# Problem requirements:
Starting at the line that contains "Тайтсы JOMA BRAMA ACADEMY 101017.700 - Тайтсы" in the listing below, write out every line word for word until you have written the line that contains "Kocyk dla niemowląt".

# Extracted entries:

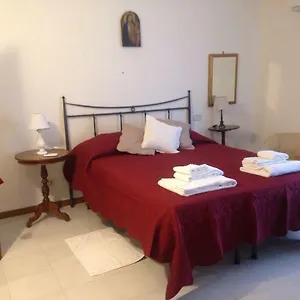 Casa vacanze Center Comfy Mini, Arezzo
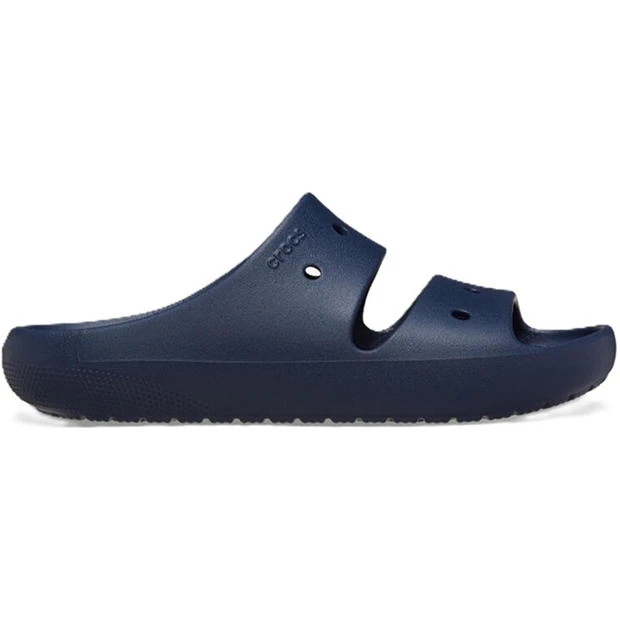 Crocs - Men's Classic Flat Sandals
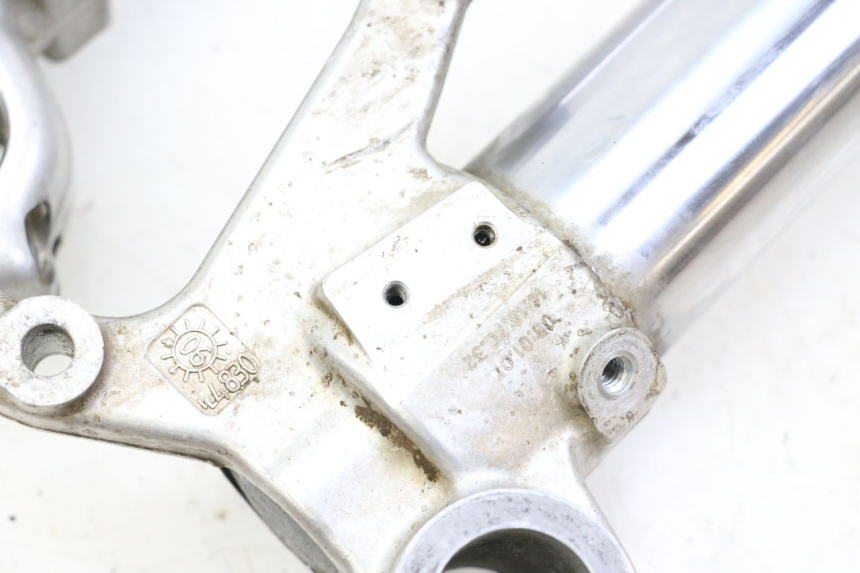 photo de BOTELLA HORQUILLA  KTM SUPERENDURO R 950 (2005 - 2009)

...

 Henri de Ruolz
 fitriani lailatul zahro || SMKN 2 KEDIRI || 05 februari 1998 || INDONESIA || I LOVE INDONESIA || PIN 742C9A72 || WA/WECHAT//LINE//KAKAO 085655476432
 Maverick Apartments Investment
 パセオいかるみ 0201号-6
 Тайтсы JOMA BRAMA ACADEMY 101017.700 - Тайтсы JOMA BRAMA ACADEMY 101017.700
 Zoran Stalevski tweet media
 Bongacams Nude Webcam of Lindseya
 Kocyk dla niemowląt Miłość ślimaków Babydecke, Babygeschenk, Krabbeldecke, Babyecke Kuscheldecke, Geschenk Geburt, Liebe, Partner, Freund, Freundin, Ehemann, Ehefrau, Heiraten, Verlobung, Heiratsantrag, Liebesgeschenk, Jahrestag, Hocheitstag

* * *

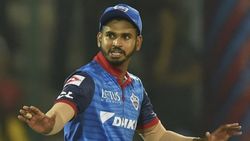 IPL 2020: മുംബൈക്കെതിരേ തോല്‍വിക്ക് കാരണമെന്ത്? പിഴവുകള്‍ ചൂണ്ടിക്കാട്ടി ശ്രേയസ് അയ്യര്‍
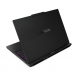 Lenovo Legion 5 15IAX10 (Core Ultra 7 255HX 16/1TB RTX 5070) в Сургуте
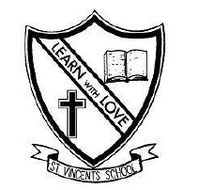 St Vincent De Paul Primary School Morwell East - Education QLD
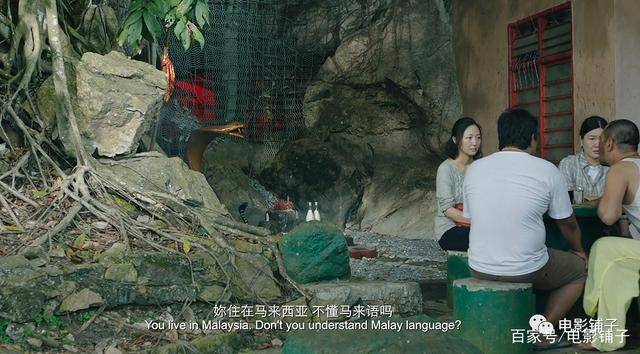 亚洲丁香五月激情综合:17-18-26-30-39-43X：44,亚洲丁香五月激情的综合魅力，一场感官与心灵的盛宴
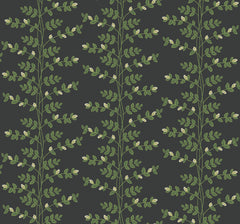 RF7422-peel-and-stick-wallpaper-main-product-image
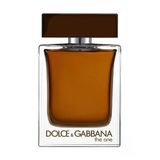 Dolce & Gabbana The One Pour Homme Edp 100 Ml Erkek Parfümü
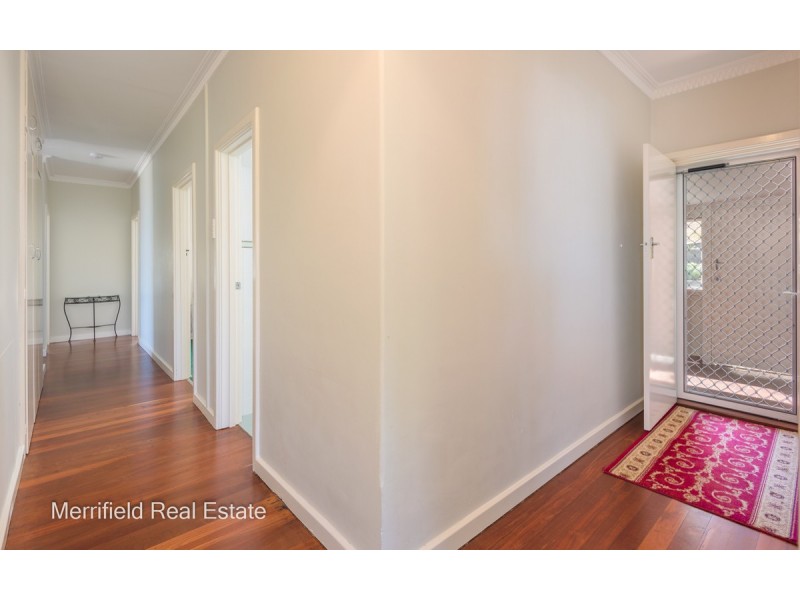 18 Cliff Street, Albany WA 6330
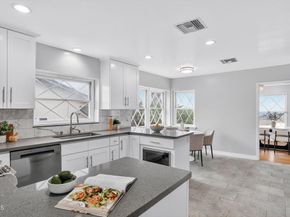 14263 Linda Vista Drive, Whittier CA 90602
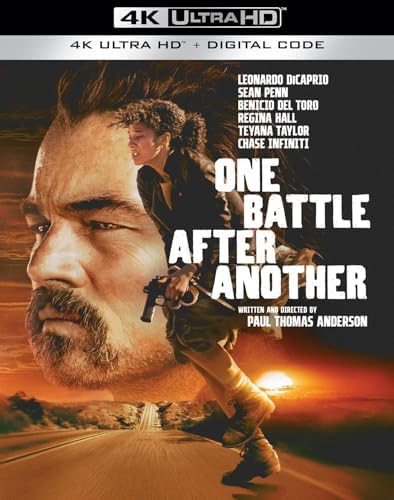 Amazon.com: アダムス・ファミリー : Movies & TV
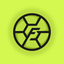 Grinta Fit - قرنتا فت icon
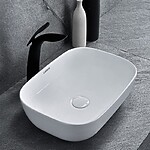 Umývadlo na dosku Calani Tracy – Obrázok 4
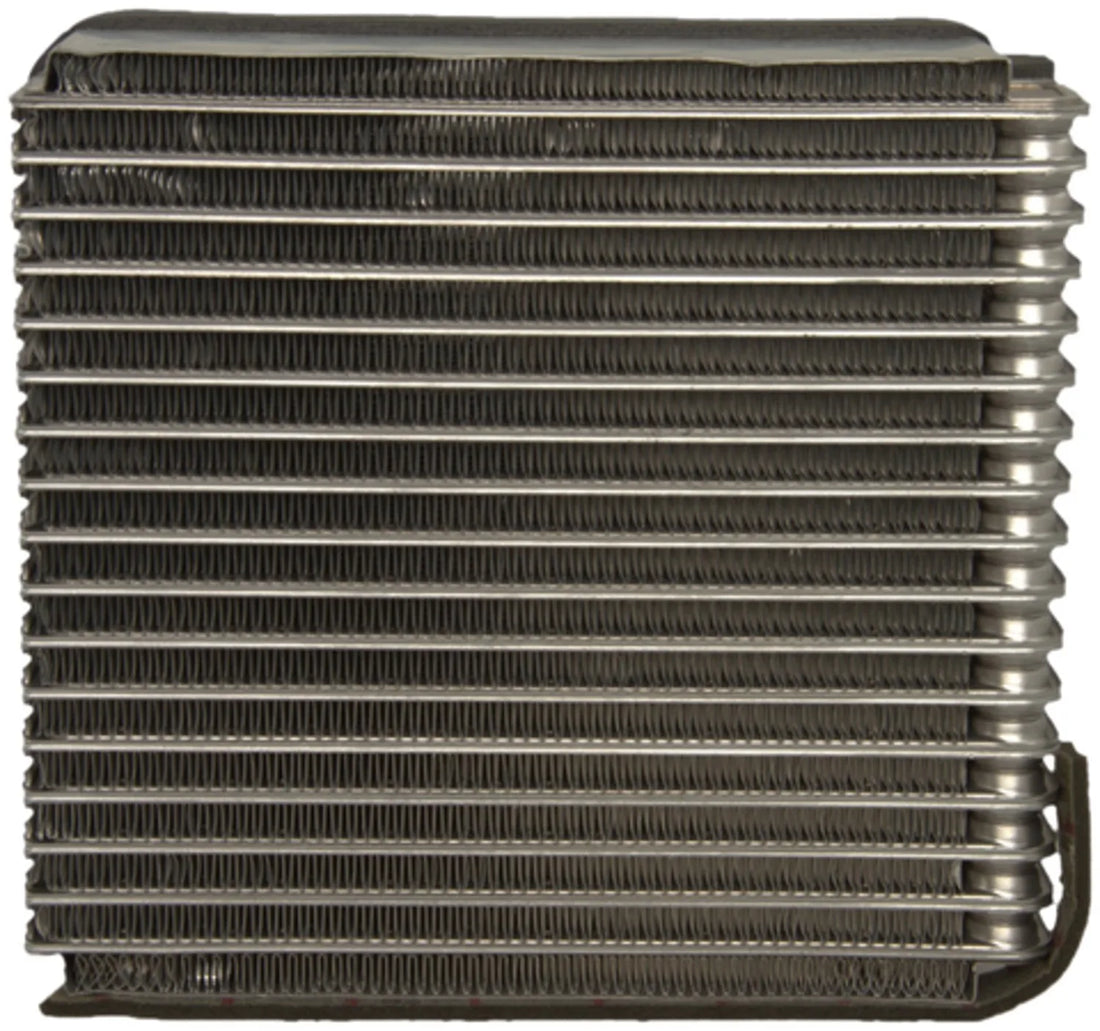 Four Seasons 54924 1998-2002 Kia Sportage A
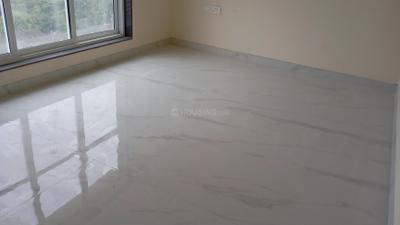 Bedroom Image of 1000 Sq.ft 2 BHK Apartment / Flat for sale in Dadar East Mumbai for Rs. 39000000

# Expected answer:
 Тайтсы JOMA BRAMA ACADEMY 101017.700 - Тайтсы JOMA BRAMA ACADEMY 101017.700
 Zoran Stalevski tweet media
 Bongacams Nude Webcam of Lindseya
 Kocyk dla niemowląt Miłość ślimaków Babydecke, Babygeschenk, Krabbeldecke, Babyecke Kuscheldecke, Geschenk Geburt, Liebe, Partner, Freund, Freundin, Ehemann, Ehefrau, Heiraten, Verlobung, Heiratsantrag, Liebesgeschenk, Jahrestag, Hocheitstag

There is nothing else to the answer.